## WORK ITEM
The listing below is to be given again in full and word for word, without its images.

━━━━━ RECORDS SHOWN

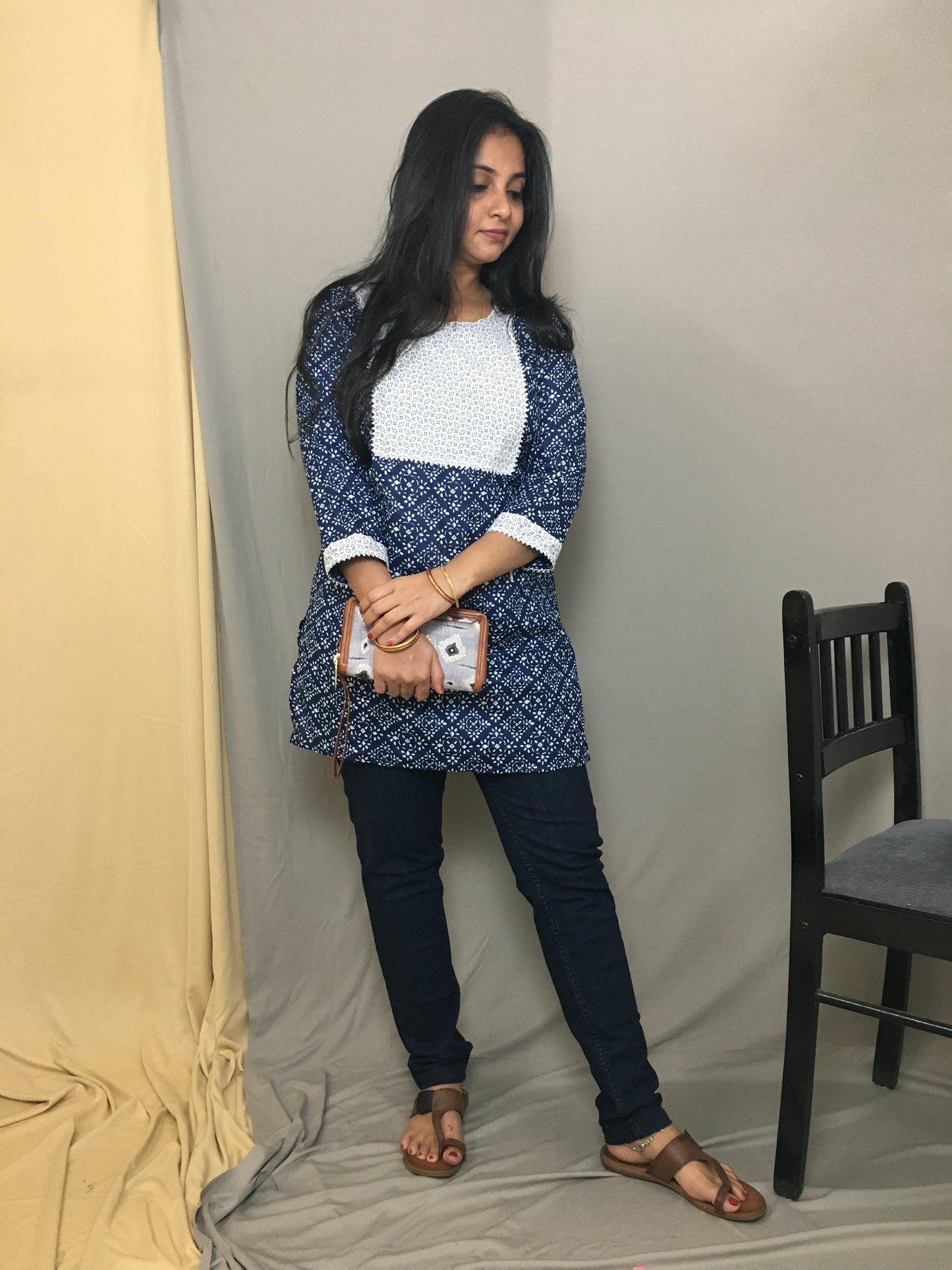 Blue White Flowers Short length with  3/4 th Sleeves Kurti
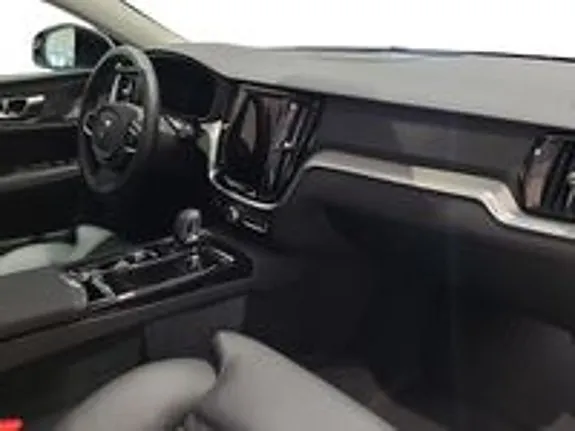 Volvo V60 2026 photo 5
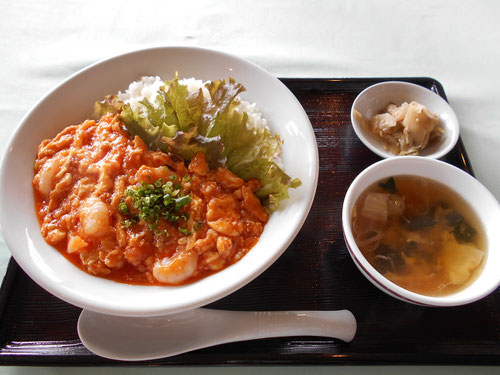 お勧めランチ「えび玉チリ丼」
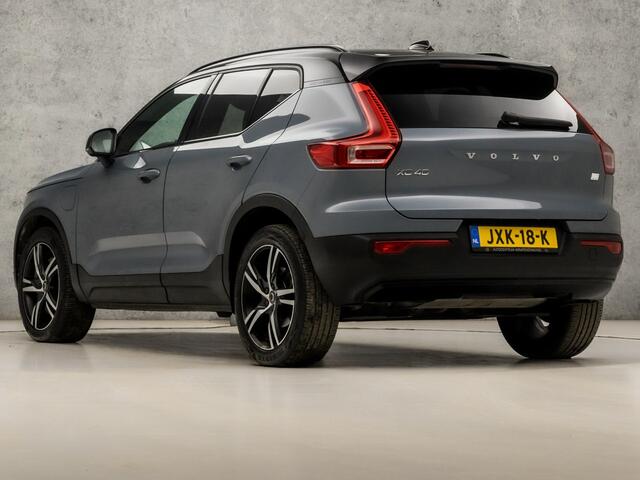 Volvo XC40 1.5 T5 Recharge R-Design 261Pk Automaat (PANORAMADAK, APPLE CARPLAY, MEMORY SEATS, 360 CAMERA, HARMAN/KARDON, LEDER/ALCANTARA, GETINT GLAS, ELEK ACHTERKLEP, NIEUWSTAAT)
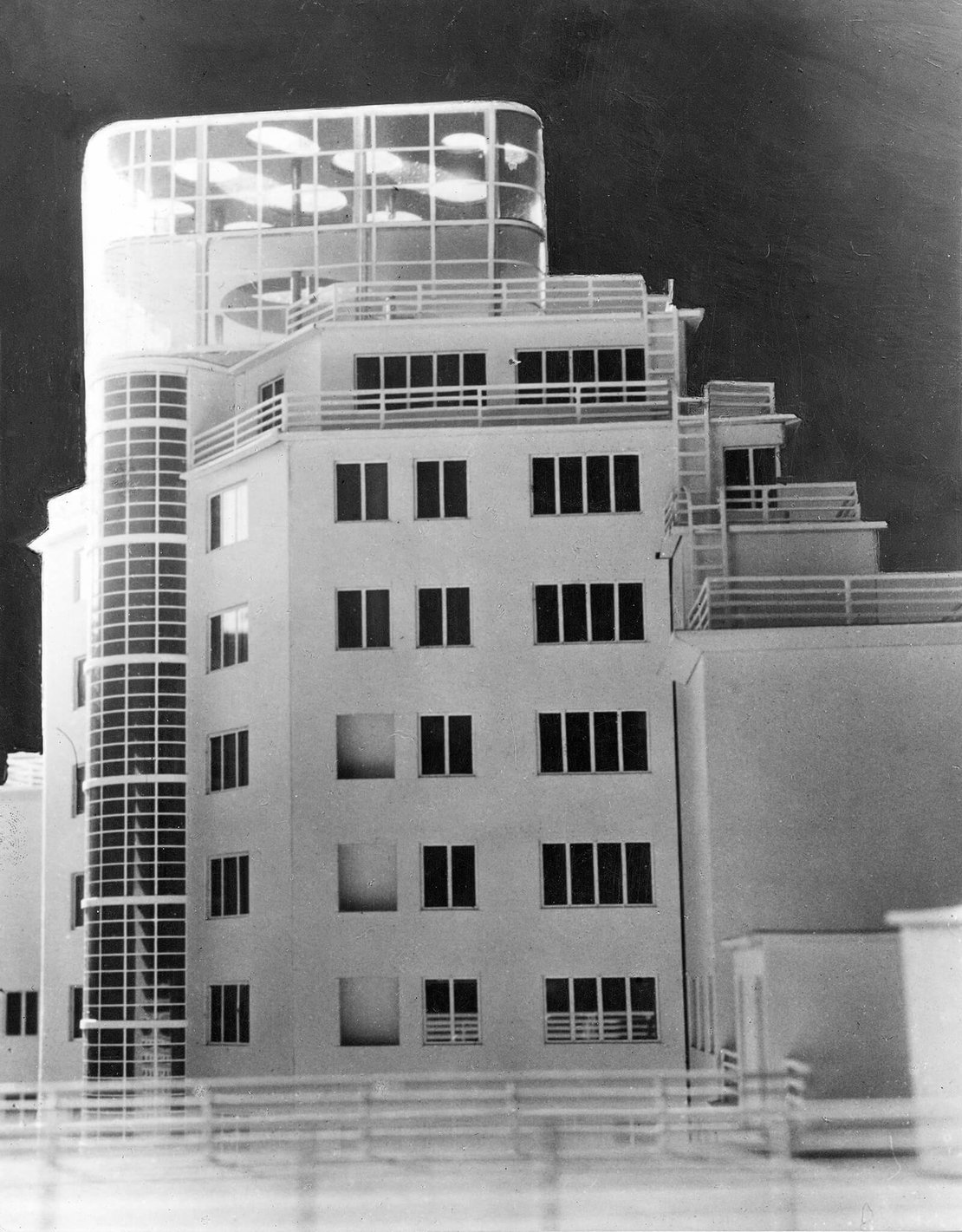 Modell des Hochhauses in der Herrengasse, Seitenansicht des Aufbaus, links ist das hofseitige gläserne Treppenhaus zu sehen. Quelle: Architekturzentrum Wien, Sammlung 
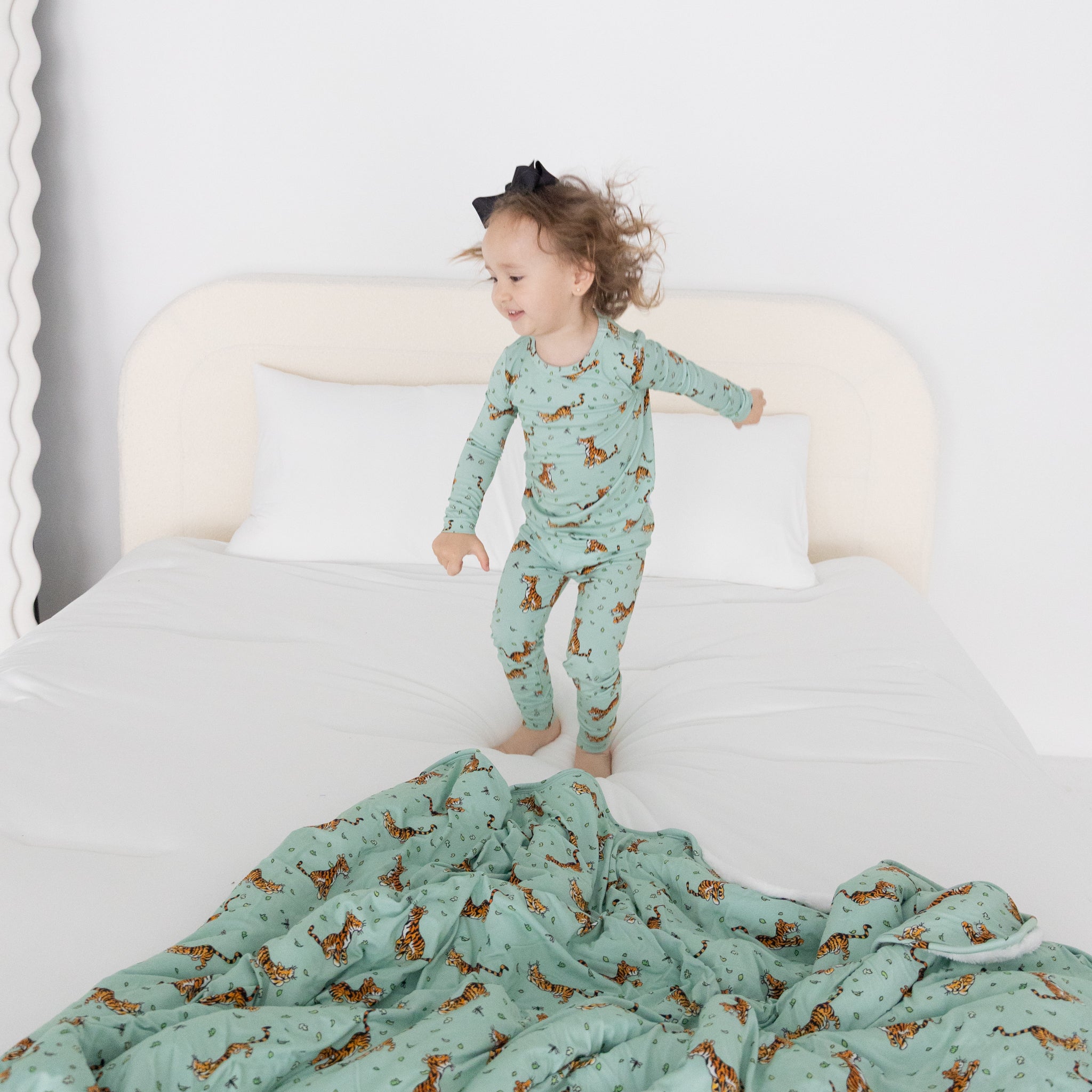 Couch Luxe Plushy - Springy Slumber - Tencel Modal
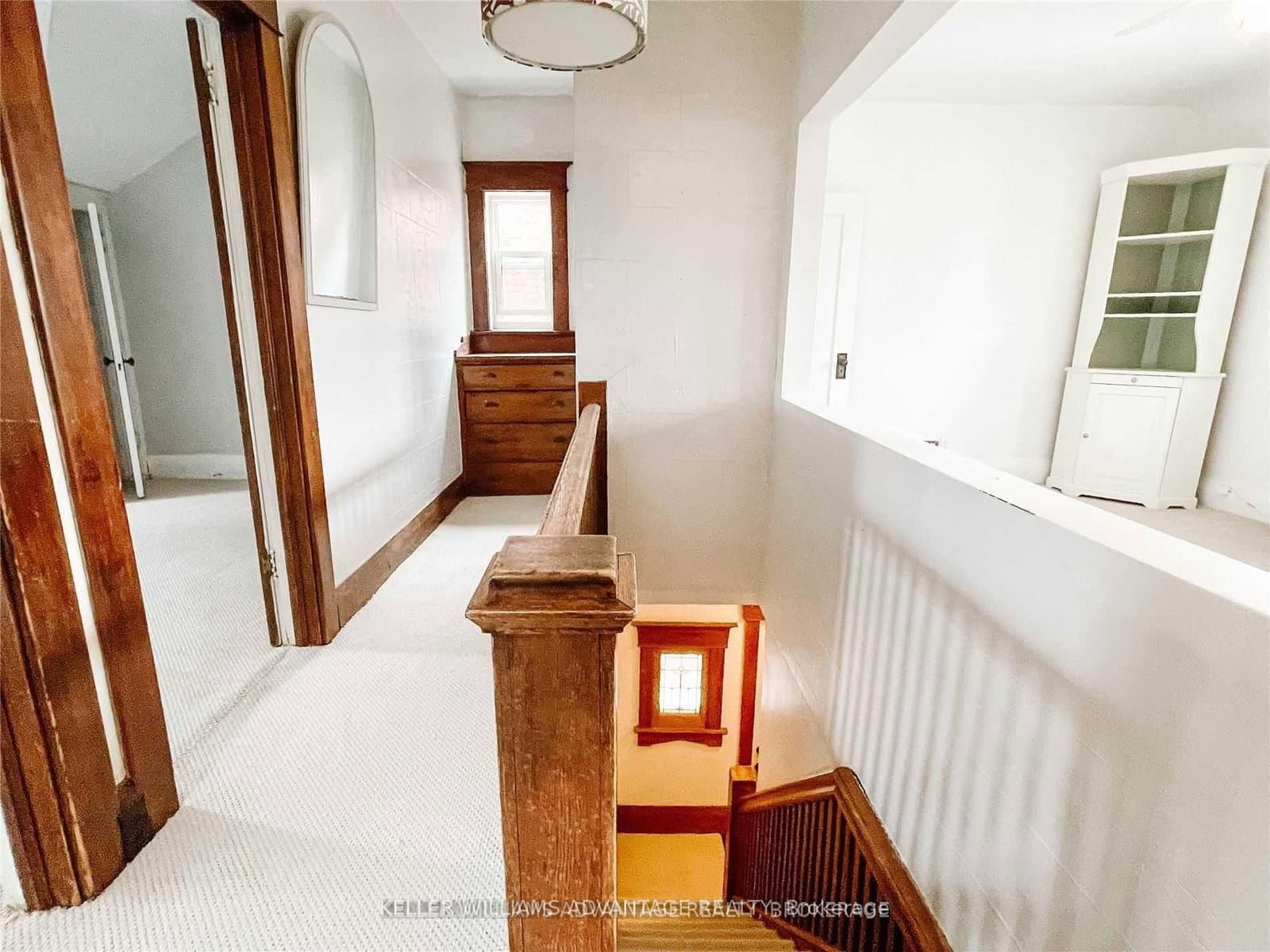 98 Woodycrest Avenue, Unit #Upper thumbnail 6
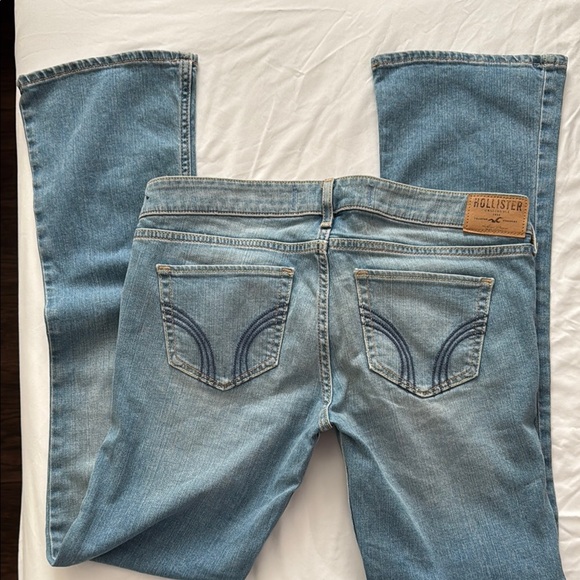 Hollister Blue Straight Leg Jeans Classic Style - Picture 2 of 5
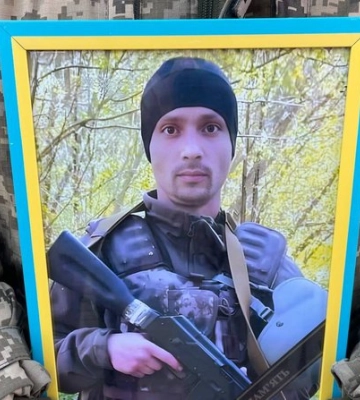 "Таких Героїв важко втрачати": із загиблим гранатометником Максимом Піменковим попрощались у Сумах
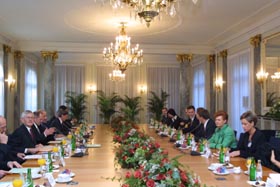 VIKE2.JPG (24851 bytes)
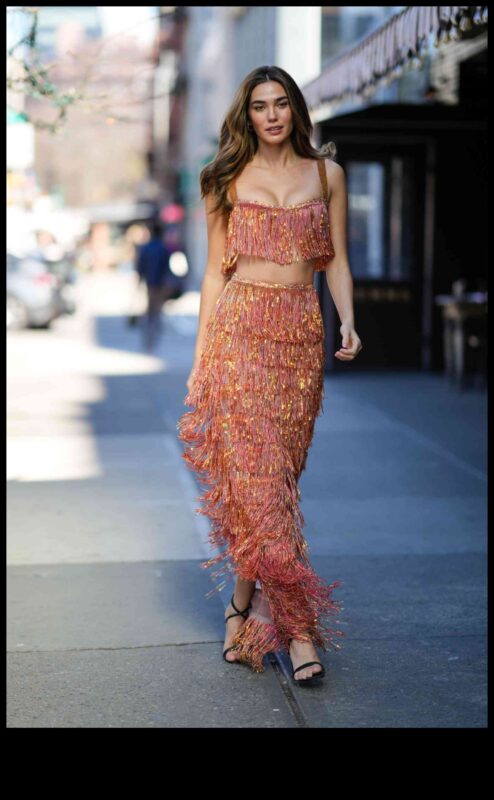 تصميم الأزياء الراقية للملهى الليلي: ملابس الحفلات الرائجة للجريئة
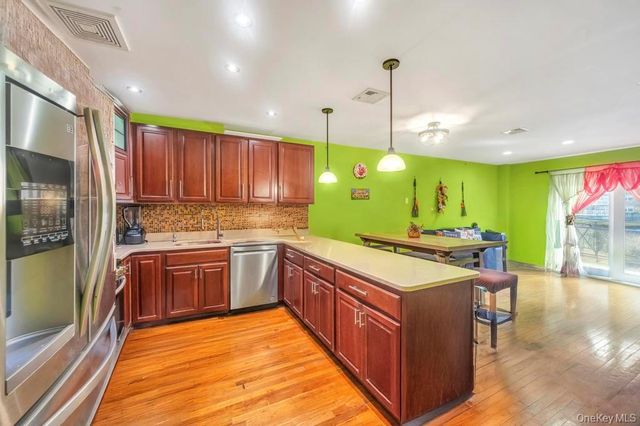 10314 Rockaway Beach Boulevard 2B, Rockaway Park, NY 11694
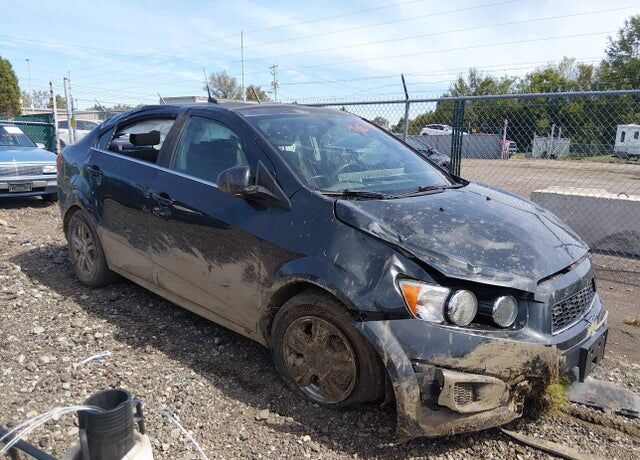2014 CHEVROLET Sonic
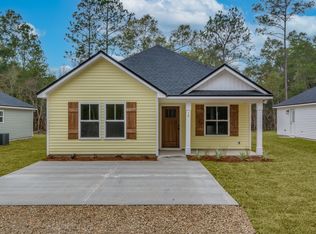 18 Lm St, Crawfordville, FL 32327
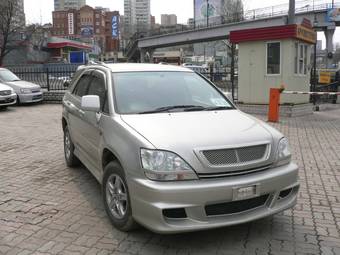 2002 Toyota Harrier Photos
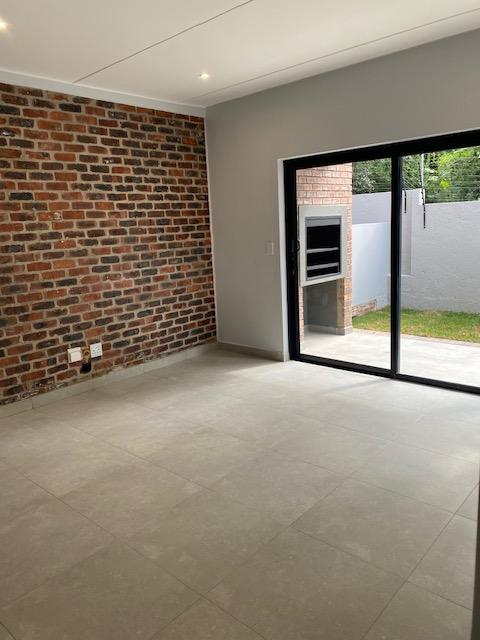 3 Bedroom Property for Sale in Bryanston West Gauteng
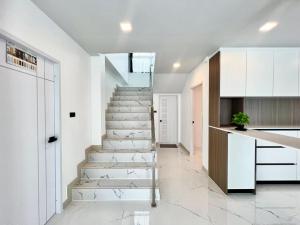 芭堤雅ins风独栋泳池别墅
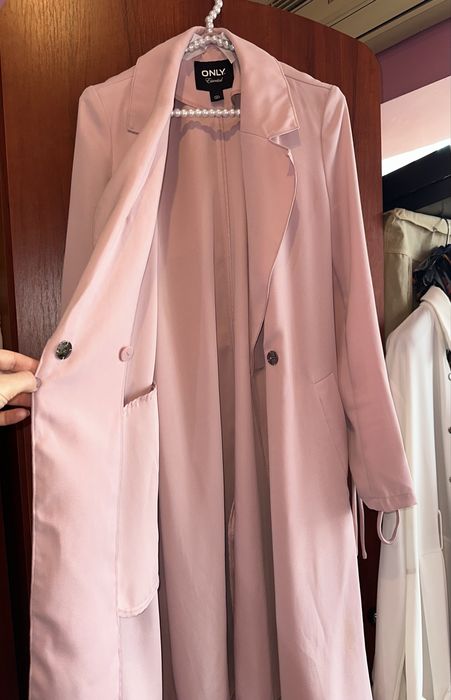 Cardigan in conditii bune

━━━━━━━━━━

## RESPONSE TO THIS EXERCISE
 Blue White Flowers Short length with  3/4 th Sleeves Kurti
 Volvo V60 2026 photo 5
 お勧めランチ「えび玉チリ丼」
 Volvo XC40 1.5 T5 Recharge R-Design 261Pk Automaat (PANORAMADAK, APPLE CARPLAY, MEMORY SEATS, 360 CAMERA, HARMAN/KARDON, LEDER/ALCANTARA, GETINT GLAS, ELEK ACHTERKLEP, NIEUWSTAAT)
 Modell des Hochhauses in der Herrengasse, Seitenansicht des Aufbaus, links ist das hofseitige gläserne Treppenhaus zu sehen. Quelle: Architekturzentrum Wien, Sammlung 
 Couch Luxe Plushy - Springy Slumber - Tencel Modal
 98 Woodycrest Avenue, Unit #Upper thumbnail 6
 Hollister Blue Straight Leg Jeans Classic Style - Picture 2 of 5
 "Таких Героїв важко втрачати": із загиблим гранатометником Максимом Піменковим попрощались у Сумах
 VIKE2.JPG (24851 bytes)
 تصميم الأزياء الراقية للملهى الليلي: ملابس الحفلات الرائجة للجريئة
 10314 Rockaway Beach Boulevard 2B, Rockaway Park, NY 11694
2014 CHEVROLET Sonic
 18 Lm St, Crawfordville, FL 32327
 2002 Toyota Harrier Photos
 3 Bedroom Property for Sale in Bryanston West Gauteng
 芭堤雅ins风独栋泳池别墅
 Cardigan in conditii bune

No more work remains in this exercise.